Surtout, cela limite les rencontres. En journée, on a parfois un peu l’impression d’être revenus au temps du Covid, celui des confinements et des couvres-feux. Il peut nous arriver de traverser des villages sans voir âme qui vive, ce qui est assez frustrant à la longue.
Sinon, en France, comme en Espagne et ailleurs, les vagues de canicules et de feux font malheureusement rage et l’Angleterre est touchée par une forte sécheresse. Pour bien se rendre compte, ici vous trouverez une carte en temps réel des incendies actifs en Europe. Espérons que durant les prochaines élections, notamment dans l’hexagone, les nombreux enjeux liés au changement climatique et à la biodiversité seront enfin mis sérieusement sur la table et discutés de manière responsable.

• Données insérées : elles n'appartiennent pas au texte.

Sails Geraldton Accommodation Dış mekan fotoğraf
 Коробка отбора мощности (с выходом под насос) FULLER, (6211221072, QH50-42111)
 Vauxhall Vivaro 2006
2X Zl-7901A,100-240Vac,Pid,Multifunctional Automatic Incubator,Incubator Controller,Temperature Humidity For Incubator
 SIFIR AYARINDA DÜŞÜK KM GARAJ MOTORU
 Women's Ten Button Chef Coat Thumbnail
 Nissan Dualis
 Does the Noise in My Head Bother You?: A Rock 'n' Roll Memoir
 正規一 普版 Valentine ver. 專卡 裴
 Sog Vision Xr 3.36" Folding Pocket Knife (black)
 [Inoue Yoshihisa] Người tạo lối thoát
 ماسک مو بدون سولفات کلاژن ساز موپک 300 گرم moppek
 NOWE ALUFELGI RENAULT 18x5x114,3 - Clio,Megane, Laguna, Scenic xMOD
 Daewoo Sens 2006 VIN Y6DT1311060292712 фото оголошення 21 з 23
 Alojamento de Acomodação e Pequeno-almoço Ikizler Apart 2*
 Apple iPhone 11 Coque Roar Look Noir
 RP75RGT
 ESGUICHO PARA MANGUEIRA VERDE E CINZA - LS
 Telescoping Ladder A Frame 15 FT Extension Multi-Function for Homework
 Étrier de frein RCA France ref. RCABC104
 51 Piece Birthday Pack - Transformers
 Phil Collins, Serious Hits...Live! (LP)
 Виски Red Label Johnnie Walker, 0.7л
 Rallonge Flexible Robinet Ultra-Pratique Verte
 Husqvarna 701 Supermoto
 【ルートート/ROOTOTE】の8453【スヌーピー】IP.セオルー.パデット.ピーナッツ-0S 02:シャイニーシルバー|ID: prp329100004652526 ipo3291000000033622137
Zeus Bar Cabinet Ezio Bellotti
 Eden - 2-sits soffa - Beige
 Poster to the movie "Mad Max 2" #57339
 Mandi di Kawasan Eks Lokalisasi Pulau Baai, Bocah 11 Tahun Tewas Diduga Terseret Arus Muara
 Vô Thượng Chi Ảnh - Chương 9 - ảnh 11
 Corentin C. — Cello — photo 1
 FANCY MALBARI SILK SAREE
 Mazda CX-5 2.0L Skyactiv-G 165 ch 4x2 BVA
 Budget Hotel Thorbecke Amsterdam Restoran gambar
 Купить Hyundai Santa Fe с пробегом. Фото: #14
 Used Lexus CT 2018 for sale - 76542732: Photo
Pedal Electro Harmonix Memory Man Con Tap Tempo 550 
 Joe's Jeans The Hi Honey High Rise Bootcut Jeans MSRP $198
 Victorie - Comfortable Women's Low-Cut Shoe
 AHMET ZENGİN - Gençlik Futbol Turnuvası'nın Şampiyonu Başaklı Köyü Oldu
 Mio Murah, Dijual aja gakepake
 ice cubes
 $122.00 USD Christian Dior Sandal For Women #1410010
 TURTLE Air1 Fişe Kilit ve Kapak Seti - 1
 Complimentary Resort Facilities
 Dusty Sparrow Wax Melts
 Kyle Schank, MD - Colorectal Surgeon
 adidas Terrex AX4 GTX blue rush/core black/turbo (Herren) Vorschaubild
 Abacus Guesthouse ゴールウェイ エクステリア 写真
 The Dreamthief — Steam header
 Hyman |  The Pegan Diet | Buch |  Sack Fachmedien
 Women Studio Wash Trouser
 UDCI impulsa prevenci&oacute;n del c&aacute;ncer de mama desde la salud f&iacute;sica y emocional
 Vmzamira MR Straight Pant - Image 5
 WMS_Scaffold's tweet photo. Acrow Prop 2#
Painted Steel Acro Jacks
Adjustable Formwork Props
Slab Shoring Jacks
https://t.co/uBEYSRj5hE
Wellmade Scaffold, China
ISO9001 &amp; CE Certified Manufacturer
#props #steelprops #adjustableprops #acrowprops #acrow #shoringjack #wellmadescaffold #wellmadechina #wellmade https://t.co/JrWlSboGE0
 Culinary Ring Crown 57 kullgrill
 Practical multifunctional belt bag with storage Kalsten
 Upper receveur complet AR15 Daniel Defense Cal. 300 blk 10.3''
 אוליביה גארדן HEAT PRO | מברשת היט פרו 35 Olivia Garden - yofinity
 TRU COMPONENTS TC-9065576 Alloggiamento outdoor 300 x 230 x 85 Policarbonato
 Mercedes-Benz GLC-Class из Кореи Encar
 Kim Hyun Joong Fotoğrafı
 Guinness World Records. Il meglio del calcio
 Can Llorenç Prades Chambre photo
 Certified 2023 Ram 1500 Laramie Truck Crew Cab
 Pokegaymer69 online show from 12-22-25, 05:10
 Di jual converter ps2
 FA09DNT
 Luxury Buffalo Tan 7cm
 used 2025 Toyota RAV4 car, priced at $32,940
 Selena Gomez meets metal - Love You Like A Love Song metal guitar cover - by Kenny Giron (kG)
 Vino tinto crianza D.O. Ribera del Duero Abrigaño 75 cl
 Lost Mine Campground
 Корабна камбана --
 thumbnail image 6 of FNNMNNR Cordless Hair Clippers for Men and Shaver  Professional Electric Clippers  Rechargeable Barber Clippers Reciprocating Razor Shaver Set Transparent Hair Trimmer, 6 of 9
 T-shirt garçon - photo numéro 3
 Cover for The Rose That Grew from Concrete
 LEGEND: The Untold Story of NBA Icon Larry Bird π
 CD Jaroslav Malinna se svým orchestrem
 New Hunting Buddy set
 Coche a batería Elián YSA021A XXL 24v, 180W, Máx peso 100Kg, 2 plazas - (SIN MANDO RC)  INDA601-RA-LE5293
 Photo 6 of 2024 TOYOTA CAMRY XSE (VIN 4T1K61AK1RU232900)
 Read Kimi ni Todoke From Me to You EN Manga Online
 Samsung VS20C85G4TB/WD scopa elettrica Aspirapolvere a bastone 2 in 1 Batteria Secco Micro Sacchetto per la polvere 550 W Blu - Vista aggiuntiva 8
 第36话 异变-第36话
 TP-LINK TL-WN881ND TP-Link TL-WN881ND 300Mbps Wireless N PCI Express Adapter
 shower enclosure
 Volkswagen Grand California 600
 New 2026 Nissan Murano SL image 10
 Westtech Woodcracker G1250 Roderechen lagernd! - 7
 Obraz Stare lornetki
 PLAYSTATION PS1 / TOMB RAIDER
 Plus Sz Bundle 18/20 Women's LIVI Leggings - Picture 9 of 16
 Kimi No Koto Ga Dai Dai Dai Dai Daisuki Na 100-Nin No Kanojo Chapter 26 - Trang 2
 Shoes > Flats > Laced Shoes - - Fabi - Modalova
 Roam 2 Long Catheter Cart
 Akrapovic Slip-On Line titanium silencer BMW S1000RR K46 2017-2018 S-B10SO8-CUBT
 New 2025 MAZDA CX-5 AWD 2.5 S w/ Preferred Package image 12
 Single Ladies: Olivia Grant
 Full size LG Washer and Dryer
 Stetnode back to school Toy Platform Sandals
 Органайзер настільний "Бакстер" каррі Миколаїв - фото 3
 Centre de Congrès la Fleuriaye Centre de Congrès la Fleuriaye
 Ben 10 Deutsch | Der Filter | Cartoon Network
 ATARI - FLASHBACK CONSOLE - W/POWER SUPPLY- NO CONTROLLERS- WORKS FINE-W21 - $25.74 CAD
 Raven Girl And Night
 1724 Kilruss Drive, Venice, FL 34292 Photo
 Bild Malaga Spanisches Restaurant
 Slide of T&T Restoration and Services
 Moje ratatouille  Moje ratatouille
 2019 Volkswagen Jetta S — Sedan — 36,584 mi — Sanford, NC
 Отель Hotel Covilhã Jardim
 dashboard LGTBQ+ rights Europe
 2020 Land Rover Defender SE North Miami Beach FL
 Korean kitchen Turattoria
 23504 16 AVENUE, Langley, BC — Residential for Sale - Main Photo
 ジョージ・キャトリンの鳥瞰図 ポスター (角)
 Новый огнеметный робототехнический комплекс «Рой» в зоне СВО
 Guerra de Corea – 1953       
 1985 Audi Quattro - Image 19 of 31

Allez, on vous laisse pour aujourd’hui. Nous serons bientôt dans le delta du Pô. Il faut qu’on étudie un peu la route pour les prochains jours : la Vento ou pas la Vento (piste cyclable Venezzia-Torino) ? Il faut aussi qu’on se renseigne sur le meilleur moyen de se rendre à Venise.
Pas sûr que le gondolier “se gondole” de nous voir arriver avec nos bicyclettes chargées !
Une bonne quinzaine à vous,
Elena e Tommaso
PS : – Le jeudi 30 août, les autorités italiennes ont mis à « élevé » le niveau d’alerte sécheresse dans le bassin du Pô. Dans cet article il est fait aussi mention d’autres grands fleuves européens.
– La mort de Raoul Vaneigem que Toto avait aimé lire durant ces études d’infirmier et qu’il rencontra au moment du reportage sur la bataille de l’eau à Sivens.